Sono passati un bel po’ di mesi ormai dal fatidico 6 aprile 2009 e per tutto questo tempo mi sono scervellato ponendomi sempre la stessa domanda: perché, se la zona stava vivendo un’intensa attività sismica, nessuna autorità ha informato la popolazione sulle procedure da attuare in caso di forti scosse? Bastavano opuscoli o un intervento durante un TG per spiegare o ricordare alla gente come comportarsi, dove andare ad informarsi, per smuovere i neuroni e spingere la curiosità a fare il resto. Al giorno d’oggi, con le informazioni in mio possesso, non ho avuto modo di riscontrare tali iniziative durante le settimane precedenti il sisma. Chissà, forse con delle semplicissime indicazioni il bilancio dei morti sarebbe stato meno ingente. Questo ormai non lo possiamo sapere. Purtroppo viviamo in un Paese in cui ci si muove, e commuove, sempre dopo. Lasciamo che gli avvenimenti ci travolgano, ci smuovano, ci emozionino, per poi farli cadere nel buio dell’oblio. Vorrei ricordare alcuni casi eclatanti avvenuti solo negli ultimi mesi: l’alluvione nel Messinese (leggi la notizia), il caso della palazzina crollata a Favara (leggi la notizia), l’abusivismo edilizio a Ischia (leggi la notizia). Tragedie più o meno annunciate, frutto dell’avidità dell’essere umano. In Campania, si continua a costruire selvaggiamente sulle pendici del Vesuvio, un vulcano la cui ultima eruzione risale solamente al 1944. Cosa accadrebbe se un giorno il gigante dormiente si dovesse risvegliare? Di chi sarà la colpa? Basta vedere i dati di Legambiente per rendersi conto della situazione italiana. Solo per problemi idrogeologici, 5581 comuni sono a rischio frane e alluvioni, il 70% del totale! Ma questi problemi non riguardano solo il sud.

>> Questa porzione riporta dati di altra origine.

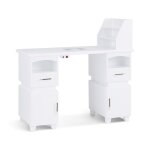 Barberpub 2456 table de manucure avec 2 tiroirs 4 armoires tagre 2 sacs daspirateur blanc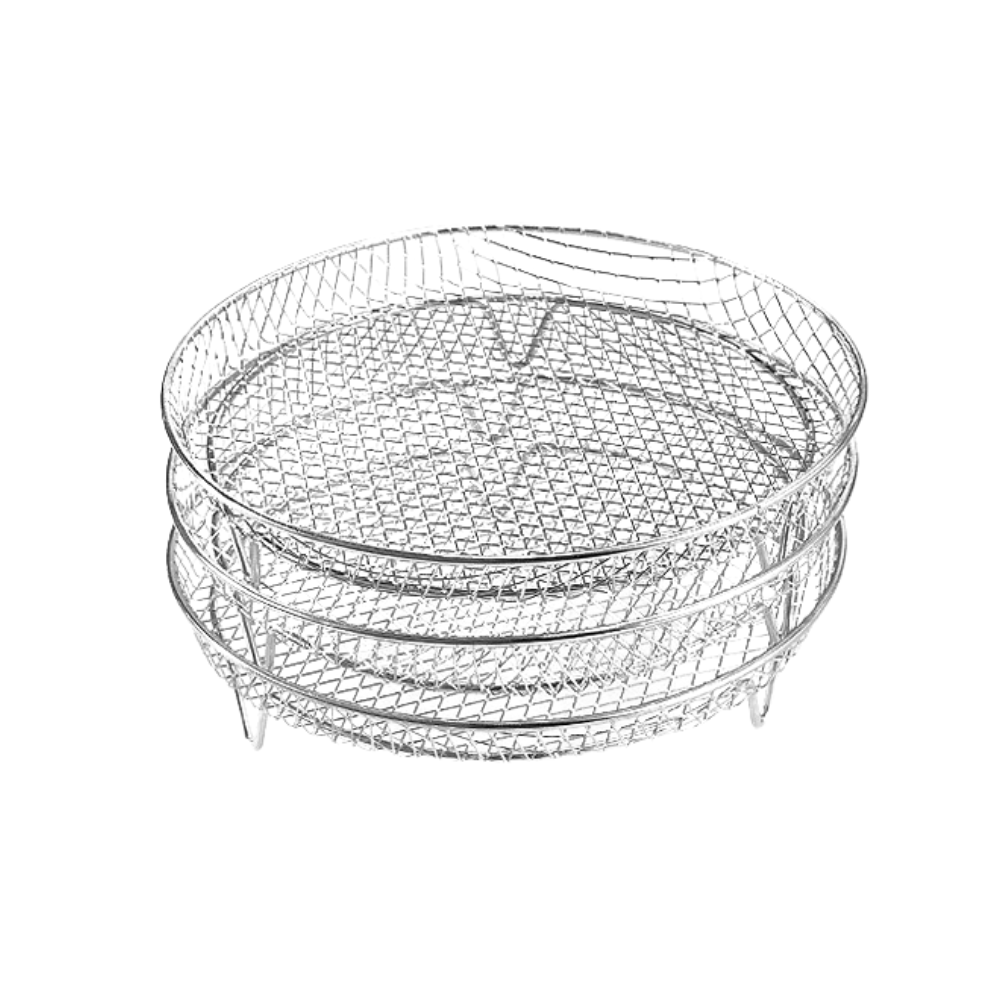 Air Fryer Rack Set 3 Tier Stackable 304 Stainless Steel Dehydrator Grill Basket Round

L’urbanizzazione selvaggia e fuorilegge riguarda anche regioni come la Valle d’Aosta, l’Umbria, la Toscana o la Lombardia dove più del 98% dei comuni risulta a rischio. Nonostante tutto questo, il Piano per l’Assetto Idrogeologico, a 17 anni dalla sua approvazione, è stato adottato solo dal 14% delle autorità che si occupano delle risorse idriche del territorio .
Cese, nei pressi dell’Aquila. Tutti riuniti all’interno della tenda chiesa.